TASK INSTRUCTIONS: Look for the line containing "an auto service" and the line containing "Thumbnail for Aastha" in the entries below. Copy those two and all lines between them exactly, leaving out pictures.

DATA EXTRACT:
++++++++++

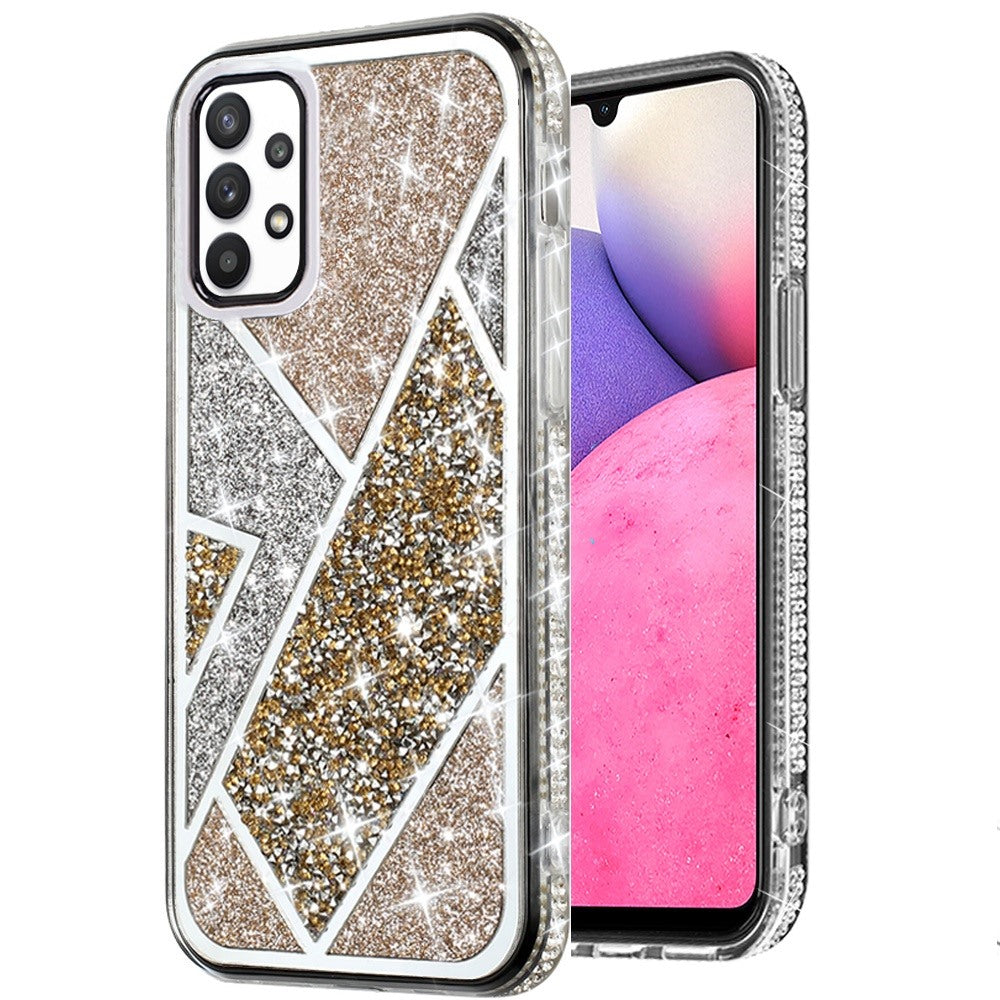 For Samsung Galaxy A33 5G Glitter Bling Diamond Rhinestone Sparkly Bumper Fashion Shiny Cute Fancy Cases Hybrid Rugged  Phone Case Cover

++++++++++

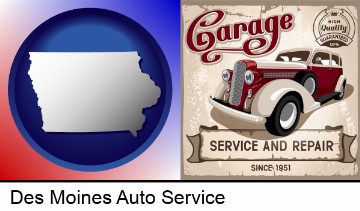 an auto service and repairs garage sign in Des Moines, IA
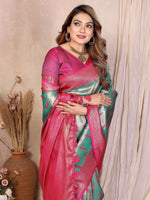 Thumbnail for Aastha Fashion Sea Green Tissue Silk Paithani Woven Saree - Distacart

++++++++++

FINISHED EXERCISE:
 an auto service and repairs garage sign in Des Moines, IA
 Thumbnail for Aastha Fashion Sea Green Tissue Silk Paithani Woven Saree - Distacart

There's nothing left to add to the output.